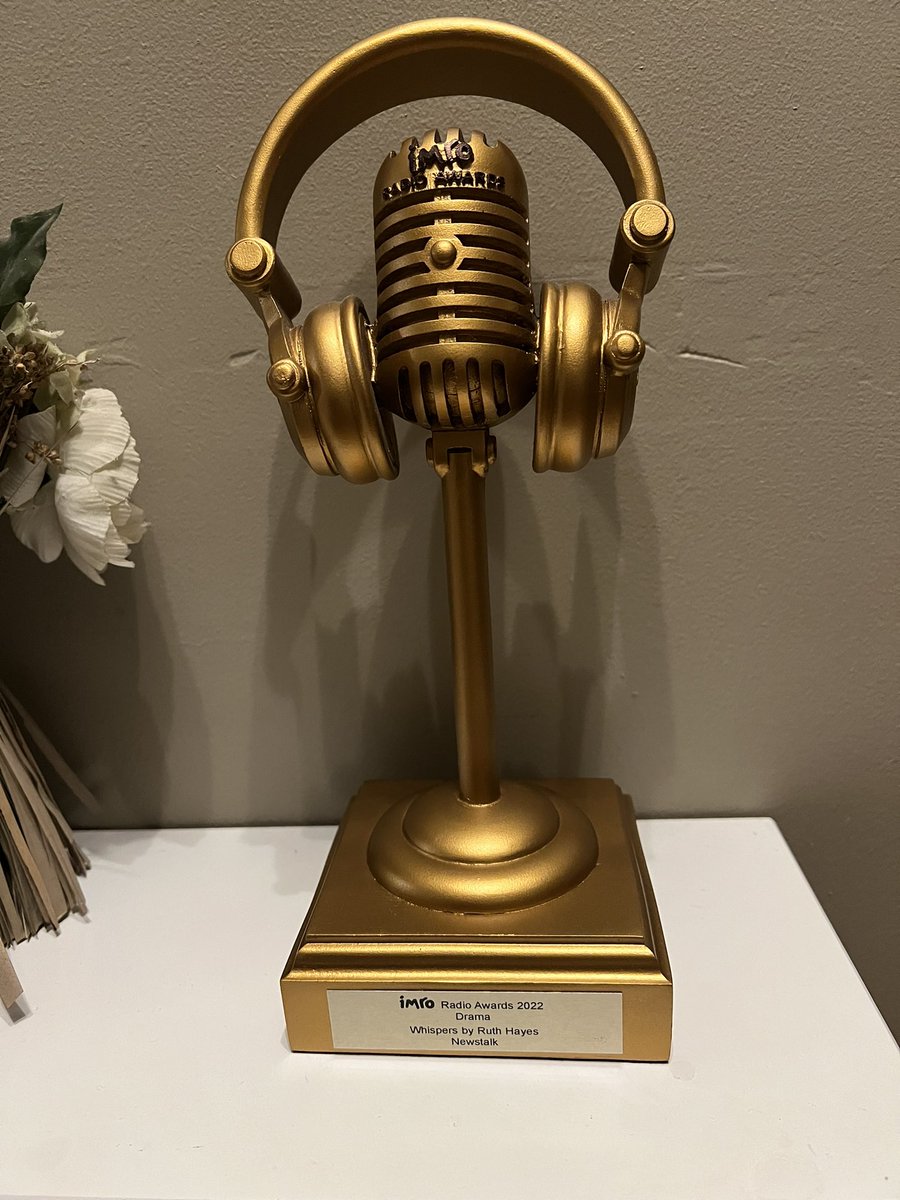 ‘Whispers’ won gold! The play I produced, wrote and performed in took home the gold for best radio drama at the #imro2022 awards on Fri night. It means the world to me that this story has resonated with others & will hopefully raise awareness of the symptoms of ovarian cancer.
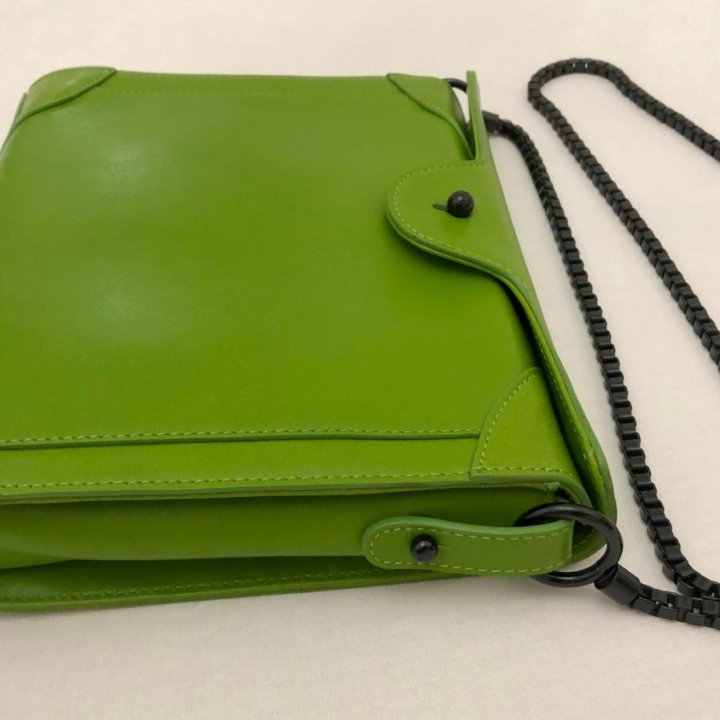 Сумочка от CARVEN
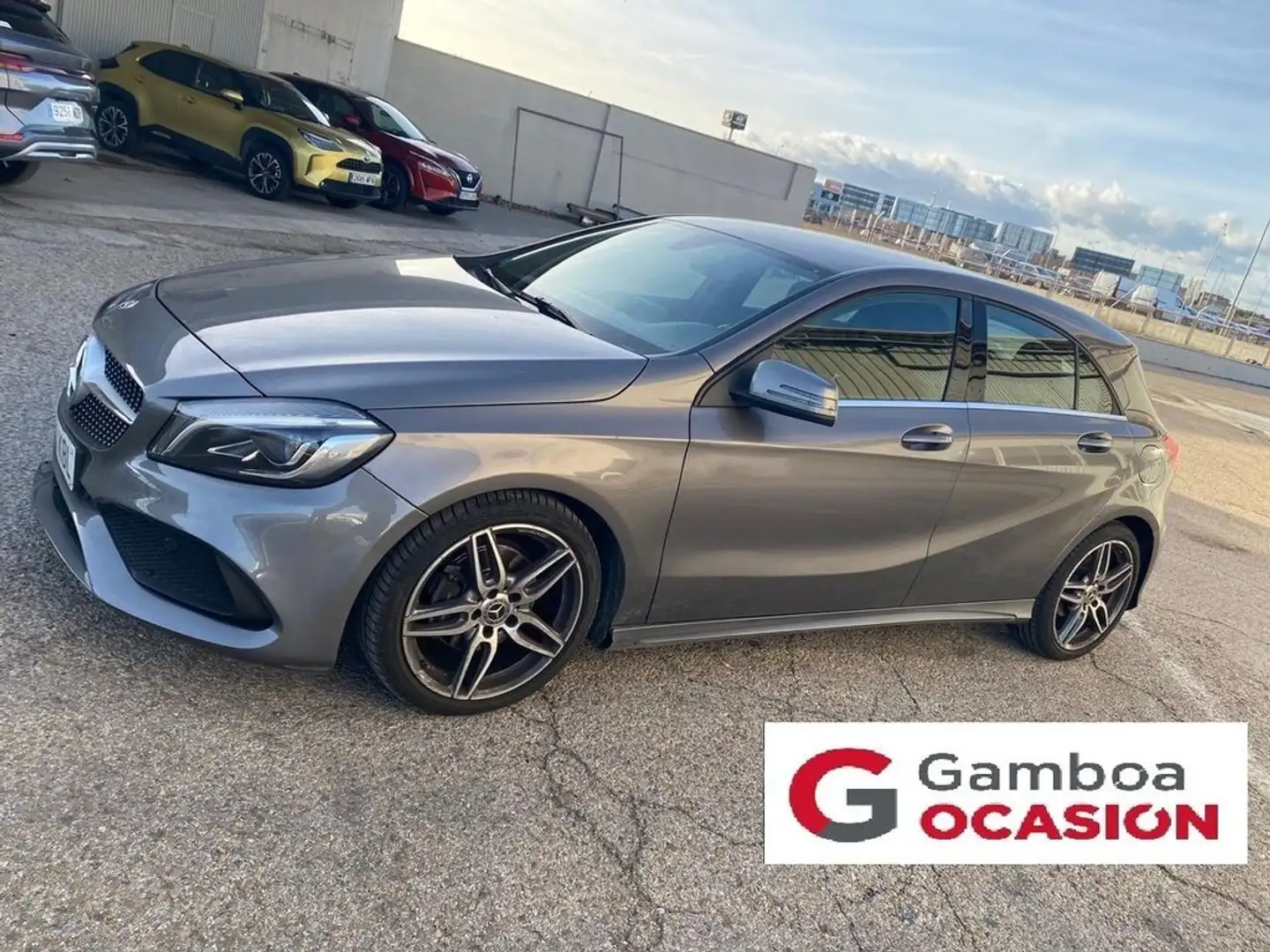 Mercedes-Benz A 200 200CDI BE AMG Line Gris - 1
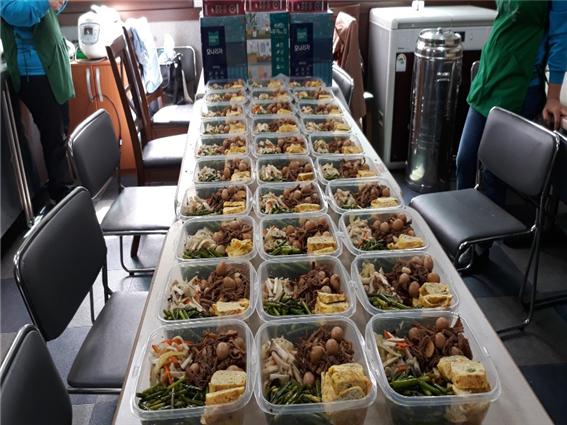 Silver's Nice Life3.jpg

- Work to complete
Nothing but the lines from the one with "Сумочка от CARVEN" through the last line of the material above should appear in the answer, each copied exactly, with no pictures.

- Written response
 Сумочка от CARVEN
 Mercedes-Benz A 200 200CDI BE AMG Line Gris - 1
 Silver's Nice Life3.jpg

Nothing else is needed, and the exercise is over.